Tuesday, August 21, 2018

How They Connected


Finding that little McLeran detail tucked away in the digitized probate files of Suwannee County helped push me one step closer to uncovering the connection between the McLeran line and my Tison family. True, in a small town, it should come as no surprise that families have intermarried, but I was frustrated to not be able to find the explanation for how the two families did, indeed, relate.

Mary McLeran' note in her husband's file moved me beyond that mystery. Now I knew his name: William T. McLeran. And since he died intestate and the court had named both Mary, his wife, and Jesse, his brother, as administrators of the estate, it was fairly easy, from that point on, to piece together that McLeran family tree.

The litany goes something like this: Jesse and William were sons of Nevin McLeran of North Carolina who died in nearby Columbia County, Florida, in 1852. Nevin McLeran's wife was Rebecca Tison, who died only a few years after he did, in the same Florida County.

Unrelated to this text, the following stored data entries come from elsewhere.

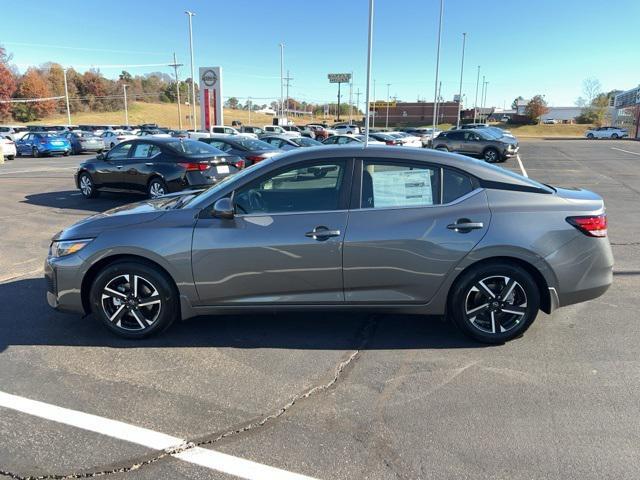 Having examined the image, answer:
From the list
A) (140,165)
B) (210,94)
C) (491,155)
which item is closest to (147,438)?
(140,165)

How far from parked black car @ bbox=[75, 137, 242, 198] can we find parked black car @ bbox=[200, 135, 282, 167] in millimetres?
2789

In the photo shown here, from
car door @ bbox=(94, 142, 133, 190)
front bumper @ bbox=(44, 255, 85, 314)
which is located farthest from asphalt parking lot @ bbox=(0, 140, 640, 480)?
car door @ bbox=(94, 142, 133, 190)

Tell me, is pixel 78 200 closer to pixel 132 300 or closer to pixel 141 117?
Result: pixel 132 300

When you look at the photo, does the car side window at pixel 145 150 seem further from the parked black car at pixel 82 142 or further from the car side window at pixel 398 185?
the parked black car at pixel 82 142

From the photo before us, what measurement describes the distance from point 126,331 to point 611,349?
4.00 meters

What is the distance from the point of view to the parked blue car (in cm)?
2939

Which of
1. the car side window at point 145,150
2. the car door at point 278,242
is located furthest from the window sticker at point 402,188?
the car side window at point 145,150

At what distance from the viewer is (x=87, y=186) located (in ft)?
39.4

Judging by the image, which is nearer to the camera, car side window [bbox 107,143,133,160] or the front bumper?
the front bumper

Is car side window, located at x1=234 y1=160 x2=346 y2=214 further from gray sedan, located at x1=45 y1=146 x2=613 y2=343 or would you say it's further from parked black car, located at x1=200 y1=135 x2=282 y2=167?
parked black car, located at x1=200 y1=135 x2=282 y2=167

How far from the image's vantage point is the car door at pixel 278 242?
12.7ft

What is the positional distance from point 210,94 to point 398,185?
29442mm

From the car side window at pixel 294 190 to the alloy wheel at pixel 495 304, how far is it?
1.35m

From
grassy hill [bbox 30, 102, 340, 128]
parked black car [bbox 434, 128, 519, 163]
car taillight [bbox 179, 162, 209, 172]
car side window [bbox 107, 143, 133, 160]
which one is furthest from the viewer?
grassy hill [bbox 30, 102, 340, 128]
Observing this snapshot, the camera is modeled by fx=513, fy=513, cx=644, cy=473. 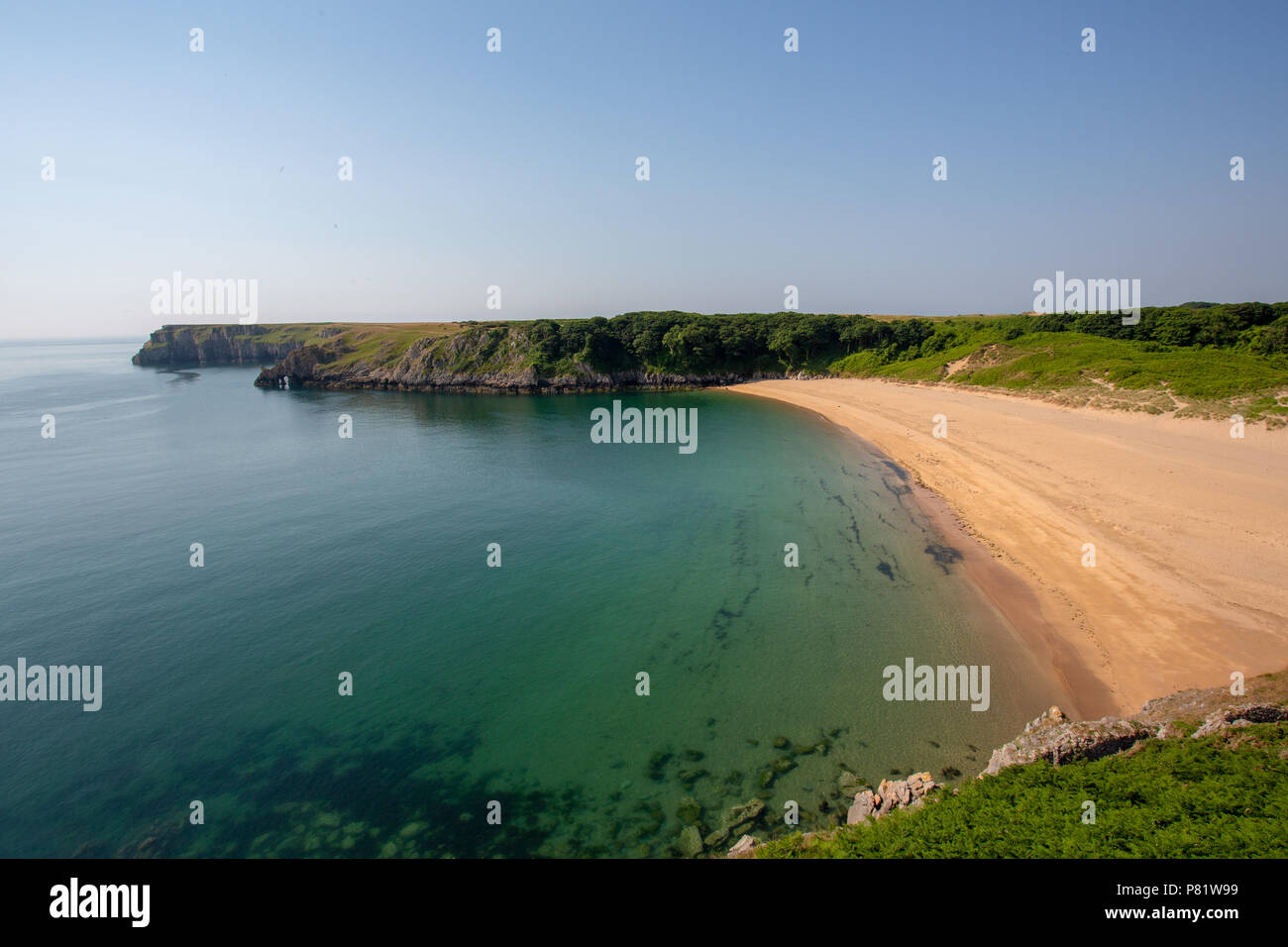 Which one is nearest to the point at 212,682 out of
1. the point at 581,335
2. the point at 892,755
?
the point at 892,755

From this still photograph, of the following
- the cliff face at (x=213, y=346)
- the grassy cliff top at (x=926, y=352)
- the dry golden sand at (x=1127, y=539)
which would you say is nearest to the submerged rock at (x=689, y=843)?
the dry golden sand at (x=1127, y=539)

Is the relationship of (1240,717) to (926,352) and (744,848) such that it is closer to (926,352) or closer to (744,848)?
(744,848)

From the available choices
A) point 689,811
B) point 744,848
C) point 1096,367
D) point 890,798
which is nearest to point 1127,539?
point 890,798

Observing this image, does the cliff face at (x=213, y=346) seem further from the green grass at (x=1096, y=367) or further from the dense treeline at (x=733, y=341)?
the green grass at (x=1096, y=367)

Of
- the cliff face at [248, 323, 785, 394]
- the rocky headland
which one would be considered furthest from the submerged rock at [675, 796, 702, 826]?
the cliff face at [248, 323, 785, 394]

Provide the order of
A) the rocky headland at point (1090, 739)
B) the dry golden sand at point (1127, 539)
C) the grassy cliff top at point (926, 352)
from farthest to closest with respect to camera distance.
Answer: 1. the grassy cliff top at point (926, 352)
2. the dry golden sand at point (1127, 539)
3. the rocky headland at point (1090, 739)

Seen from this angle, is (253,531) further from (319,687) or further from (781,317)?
(781,317)

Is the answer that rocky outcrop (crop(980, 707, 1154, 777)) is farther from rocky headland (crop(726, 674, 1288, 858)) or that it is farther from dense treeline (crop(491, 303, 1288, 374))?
dense treeline (crop(491, 303, 1288, 374)) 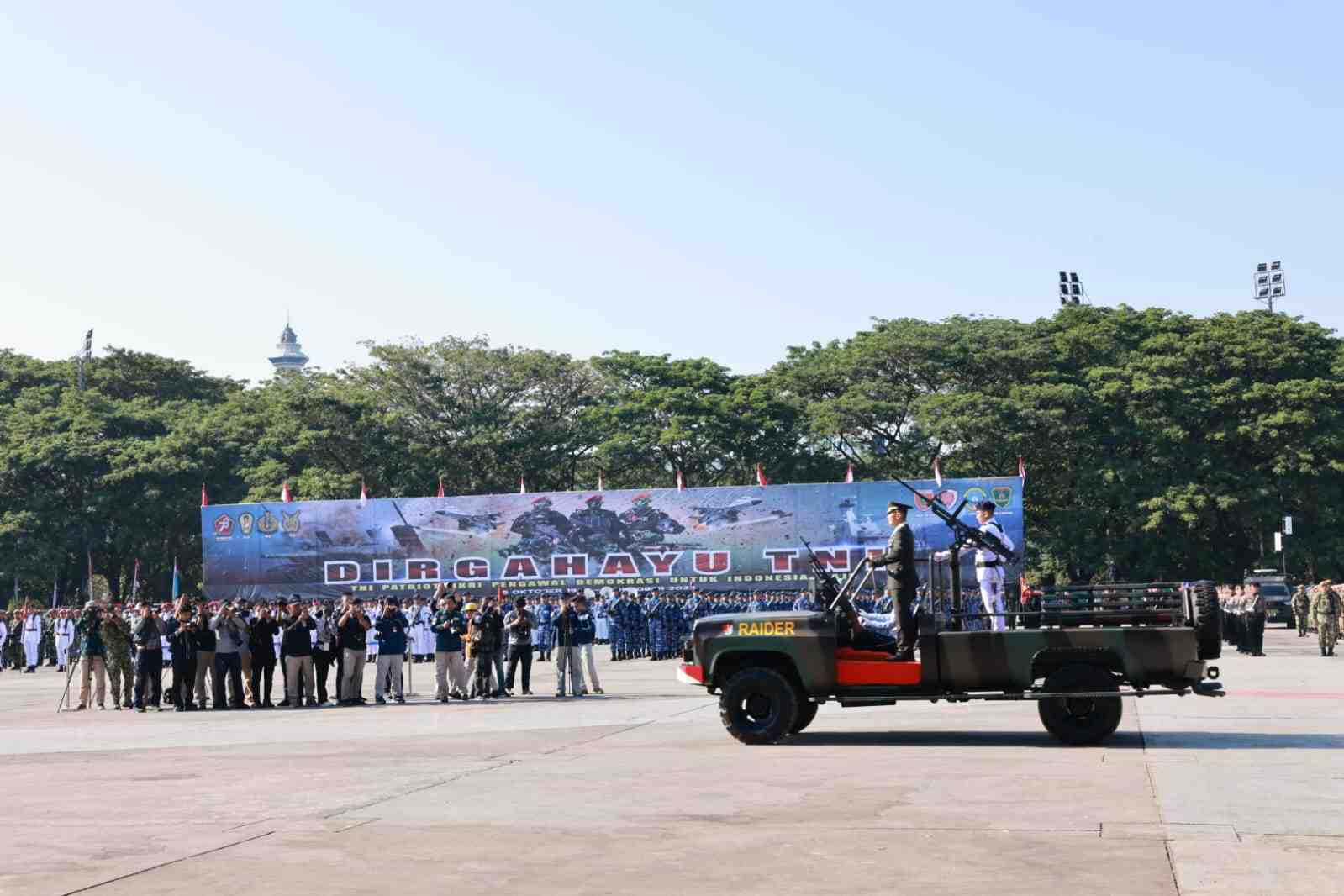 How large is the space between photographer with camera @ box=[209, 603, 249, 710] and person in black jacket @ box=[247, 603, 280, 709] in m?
0.27

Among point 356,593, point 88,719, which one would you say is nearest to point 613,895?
point 88,719

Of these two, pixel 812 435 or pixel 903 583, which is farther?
pixel 812 435

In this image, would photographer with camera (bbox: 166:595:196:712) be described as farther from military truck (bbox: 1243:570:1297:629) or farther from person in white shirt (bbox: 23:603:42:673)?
military truck (bbox: 1243:570:1297:629)

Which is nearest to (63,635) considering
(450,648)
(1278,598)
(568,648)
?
(450,648)

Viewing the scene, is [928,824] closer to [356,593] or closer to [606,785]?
[606,785]

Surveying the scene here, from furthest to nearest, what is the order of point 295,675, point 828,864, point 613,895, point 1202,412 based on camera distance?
point 1202,412, point 295,675, point 828,864, point 613,895

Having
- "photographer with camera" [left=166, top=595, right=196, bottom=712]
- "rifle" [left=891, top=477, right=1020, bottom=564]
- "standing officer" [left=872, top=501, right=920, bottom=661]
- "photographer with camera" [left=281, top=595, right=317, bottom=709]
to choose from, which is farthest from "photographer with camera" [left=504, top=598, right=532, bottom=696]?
"standing officer" [left=872, top=501, right=920, bottom=661]

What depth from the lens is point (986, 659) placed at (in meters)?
16.6

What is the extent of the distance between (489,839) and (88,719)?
15.6 m

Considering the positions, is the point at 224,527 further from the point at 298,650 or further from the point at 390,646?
the point at 390,646

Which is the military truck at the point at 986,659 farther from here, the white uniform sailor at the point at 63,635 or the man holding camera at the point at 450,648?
the white uniform sailor at the point at 63,635

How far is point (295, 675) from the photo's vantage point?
26438mm

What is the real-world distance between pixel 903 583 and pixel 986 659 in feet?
3.76

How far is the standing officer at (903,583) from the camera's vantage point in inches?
665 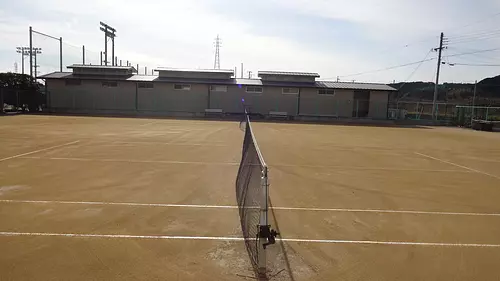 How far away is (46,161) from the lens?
10984mm

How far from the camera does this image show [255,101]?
4019 centimetres

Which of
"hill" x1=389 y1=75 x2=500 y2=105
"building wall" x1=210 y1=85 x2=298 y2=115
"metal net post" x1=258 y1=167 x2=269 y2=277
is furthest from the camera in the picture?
"hill" x1=389 y1=75 x2=500 y2=105

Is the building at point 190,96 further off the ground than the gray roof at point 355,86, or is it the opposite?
the gray roof at point 355,86

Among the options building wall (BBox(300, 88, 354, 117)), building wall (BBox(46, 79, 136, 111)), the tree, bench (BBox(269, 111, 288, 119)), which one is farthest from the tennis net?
the tree

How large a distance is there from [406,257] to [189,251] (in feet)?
9.49

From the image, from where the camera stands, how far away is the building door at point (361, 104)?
4131cm

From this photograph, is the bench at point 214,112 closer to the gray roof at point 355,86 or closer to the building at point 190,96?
the building at point 190,96

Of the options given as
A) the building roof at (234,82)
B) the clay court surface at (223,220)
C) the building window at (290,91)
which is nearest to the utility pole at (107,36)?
the building roof at (234,82)

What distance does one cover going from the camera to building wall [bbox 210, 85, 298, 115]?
3991cm

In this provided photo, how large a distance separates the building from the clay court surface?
28.0 m

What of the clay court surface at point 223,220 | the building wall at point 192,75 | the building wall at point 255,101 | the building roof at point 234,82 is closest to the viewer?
the clay court surface at point 223,220

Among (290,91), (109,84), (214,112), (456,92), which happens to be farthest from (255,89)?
(456,92)

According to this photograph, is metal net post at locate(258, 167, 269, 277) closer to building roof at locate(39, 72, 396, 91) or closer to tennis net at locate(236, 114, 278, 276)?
tennis net at locate(236, 114, 278, 276)

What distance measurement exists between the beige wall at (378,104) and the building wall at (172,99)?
18.3m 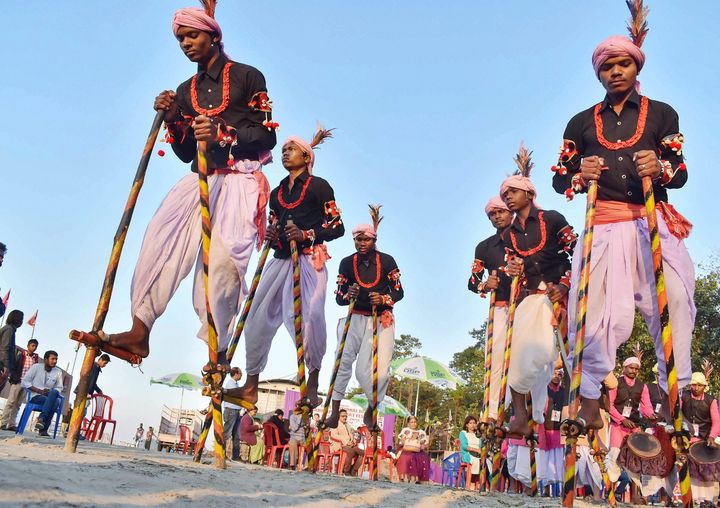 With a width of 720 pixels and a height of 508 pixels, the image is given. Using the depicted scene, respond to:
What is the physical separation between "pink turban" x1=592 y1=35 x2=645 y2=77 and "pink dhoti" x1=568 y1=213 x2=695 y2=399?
128 cm

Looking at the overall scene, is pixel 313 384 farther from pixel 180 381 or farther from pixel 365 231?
pixel 180 381

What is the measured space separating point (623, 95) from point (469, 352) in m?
53.2

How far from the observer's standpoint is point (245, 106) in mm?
5758

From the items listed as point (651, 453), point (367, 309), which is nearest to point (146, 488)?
point (651, 453)

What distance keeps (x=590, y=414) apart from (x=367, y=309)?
5.51m

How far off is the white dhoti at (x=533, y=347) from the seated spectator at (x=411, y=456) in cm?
682

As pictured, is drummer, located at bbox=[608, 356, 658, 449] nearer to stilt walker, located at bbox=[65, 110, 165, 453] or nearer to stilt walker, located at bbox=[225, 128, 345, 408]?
stilt walker, located at bbox=[225, 128, 345, 408]

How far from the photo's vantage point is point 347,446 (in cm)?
1354

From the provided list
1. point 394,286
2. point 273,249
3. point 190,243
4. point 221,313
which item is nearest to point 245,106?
point 190,243

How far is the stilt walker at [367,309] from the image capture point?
983 cm

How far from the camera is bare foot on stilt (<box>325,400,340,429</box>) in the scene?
905cm

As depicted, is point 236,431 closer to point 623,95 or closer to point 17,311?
point 17,311

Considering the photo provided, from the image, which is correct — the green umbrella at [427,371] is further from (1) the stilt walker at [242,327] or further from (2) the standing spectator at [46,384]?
(1) the stilt walker at [242,327]

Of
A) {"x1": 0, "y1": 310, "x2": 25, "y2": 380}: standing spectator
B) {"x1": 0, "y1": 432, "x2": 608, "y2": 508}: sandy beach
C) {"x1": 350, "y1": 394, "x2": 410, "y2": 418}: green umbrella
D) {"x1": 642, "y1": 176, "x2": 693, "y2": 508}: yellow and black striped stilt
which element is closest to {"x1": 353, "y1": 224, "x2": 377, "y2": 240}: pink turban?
{"x1": 0, "y1": 310, "x2": 25, "y2": 380}: standing spectator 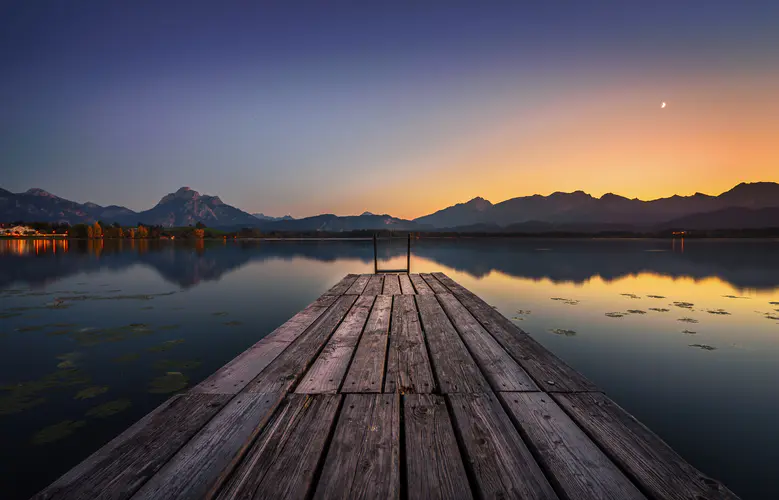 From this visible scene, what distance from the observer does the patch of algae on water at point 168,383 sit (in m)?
4.87

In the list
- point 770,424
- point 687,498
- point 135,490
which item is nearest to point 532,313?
point 770,424

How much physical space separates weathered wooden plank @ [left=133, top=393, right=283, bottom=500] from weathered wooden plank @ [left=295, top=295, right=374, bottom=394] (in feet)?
1.16

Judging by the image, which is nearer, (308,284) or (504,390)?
(504,390)

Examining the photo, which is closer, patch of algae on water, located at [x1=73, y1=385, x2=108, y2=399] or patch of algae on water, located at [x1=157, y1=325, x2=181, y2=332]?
patch of algae on water, located at [x1=73, y1=385, x2=108, y2=399]

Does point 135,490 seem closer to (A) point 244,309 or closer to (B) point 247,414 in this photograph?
(B) point 247,414

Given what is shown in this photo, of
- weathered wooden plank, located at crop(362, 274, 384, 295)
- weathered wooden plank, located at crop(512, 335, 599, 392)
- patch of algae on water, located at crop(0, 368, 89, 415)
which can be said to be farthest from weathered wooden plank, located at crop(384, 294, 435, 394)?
patch of algae on water, located at crop(0, 368, 89, 415)

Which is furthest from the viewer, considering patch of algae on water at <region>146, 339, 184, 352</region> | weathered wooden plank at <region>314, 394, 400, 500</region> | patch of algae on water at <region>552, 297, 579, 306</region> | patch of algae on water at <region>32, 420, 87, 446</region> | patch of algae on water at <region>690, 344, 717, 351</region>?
patch of algae on water at <region>552, 297, 579, 306</region>

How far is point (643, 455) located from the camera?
2025mm

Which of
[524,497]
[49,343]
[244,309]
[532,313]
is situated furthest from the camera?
[244,309]

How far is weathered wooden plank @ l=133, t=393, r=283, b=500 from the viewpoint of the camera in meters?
1.68

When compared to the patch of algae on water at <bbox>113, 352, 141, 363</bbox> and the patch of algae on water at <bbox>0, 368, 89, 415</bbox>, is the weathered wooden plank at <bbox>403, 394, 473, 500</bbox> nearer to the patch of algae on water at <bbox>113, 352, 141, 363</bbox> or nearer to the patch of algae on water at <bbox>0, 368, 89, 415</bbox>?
the patch of algae on water at <bbox>0, 368, 89, 415</bbox>

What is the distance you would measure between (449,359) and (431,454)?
162 cm

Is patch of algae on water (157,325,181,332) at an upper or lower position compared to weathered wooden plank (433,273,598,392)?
lower

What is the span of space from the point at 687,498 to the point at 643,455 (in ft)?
1.13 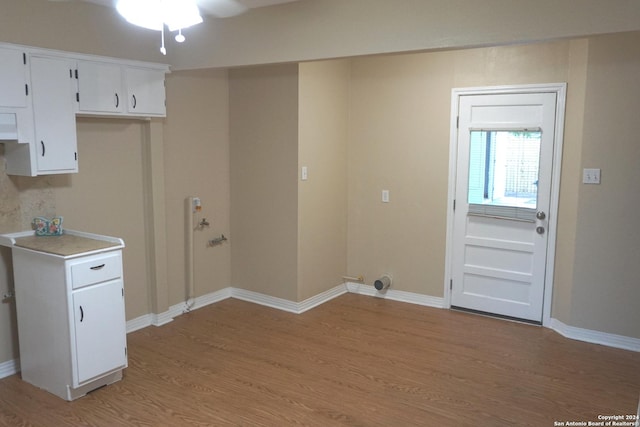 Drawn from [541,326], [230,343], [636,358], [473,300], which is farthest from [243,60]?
[636,358]

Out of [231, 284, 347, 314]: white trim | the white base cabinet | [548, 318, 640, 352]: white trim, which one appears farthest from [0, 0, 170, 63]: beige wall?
[548, 318, 640, 352]: white trim

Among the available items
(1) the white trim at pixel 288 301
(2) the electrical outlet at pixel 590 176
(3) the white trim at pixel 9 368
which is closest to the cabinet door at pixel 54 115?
(3) the white trim at pixel 9 368

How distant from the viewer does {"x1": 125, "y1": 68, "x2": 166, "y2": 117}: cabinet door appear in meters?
3.95

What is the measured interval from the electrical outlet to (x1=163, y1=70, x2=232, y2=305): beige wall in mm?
3061

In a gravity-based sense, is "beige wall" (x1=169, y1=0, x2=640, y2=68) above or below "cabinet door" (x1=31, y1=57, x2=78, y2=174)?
above

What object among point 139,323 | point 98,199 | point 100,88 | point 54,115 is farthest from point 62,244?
point 139,323

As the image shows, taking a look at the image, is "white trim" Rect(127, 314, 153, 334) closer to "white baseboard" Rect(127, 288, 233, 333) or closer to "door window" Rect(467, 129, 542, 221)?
"white baseboard" Rect(127, 288, 233, 333)

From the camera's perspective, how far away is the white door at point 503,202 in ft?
14.3

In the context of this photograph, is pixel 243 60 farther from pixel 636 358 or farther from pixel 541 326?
pixel 636 358

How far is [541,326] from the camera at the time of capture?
4.45m

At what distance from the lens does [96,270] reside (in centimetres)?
325

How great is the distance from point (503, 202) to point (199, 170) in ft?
8.80

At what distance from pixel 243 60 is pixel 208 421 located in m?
2.48

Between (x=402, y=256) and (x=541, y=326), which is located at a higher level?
(x=402, y=256) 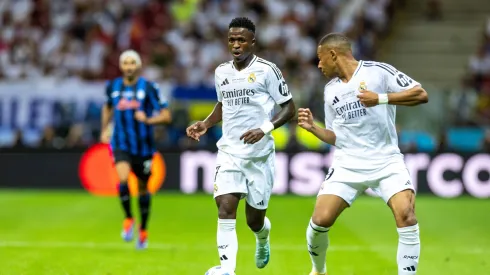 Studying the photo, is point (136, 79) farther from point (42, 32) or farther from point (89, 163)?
point (42, 32)

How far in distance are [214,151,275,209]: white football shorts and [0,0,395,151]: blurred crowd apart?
13.0 metres

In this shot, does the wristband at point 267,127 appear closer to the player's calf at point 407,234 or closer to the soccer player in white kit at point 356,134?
the soccer player in white kit at point 356,134

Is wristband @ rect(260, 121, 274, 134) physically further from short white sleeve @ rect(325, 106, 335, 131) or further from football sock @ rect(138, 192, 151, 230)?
football sock @ rect(138, 192, 151, 230)

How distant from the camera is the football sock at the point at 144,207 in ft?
43.0

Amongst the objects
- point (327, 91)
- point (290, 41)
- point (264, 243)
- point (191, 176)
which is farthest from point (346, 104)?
point (290, 41)

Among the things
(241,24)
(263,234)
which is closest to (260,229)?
(263,234)

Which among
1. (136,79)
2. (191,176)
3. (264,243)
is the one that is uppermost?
(136,79)

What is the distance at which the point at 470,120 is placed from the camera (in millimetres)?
22328

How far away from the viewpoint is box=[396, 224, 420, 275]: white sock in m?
8.75

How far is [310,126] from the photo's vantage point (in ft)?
30.6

Granted, I have yet to find out just who Rebecca's parents were. That, most likely, will take more of that slow and tedious exercise of reading through probate filesif, indeed, there are any digitized copies made available online, as I'm still hampered by geographic location from just stopping in at the local courthouse. But it does illustrate one reality about doing family history research: you do it one step at a time. Each step reveals just enough of a clue to advance your progress one move closer to the next question.

And so we proceed from there. Next quest: to find Rebecca McLeran's connection to the Tison family. My hunch is that it will be somehow connected to my Tison ancestor in the same county, George Edmund McClellan's first wife, Sidnah Tison. It's just a matter of determining how close a connection that will be.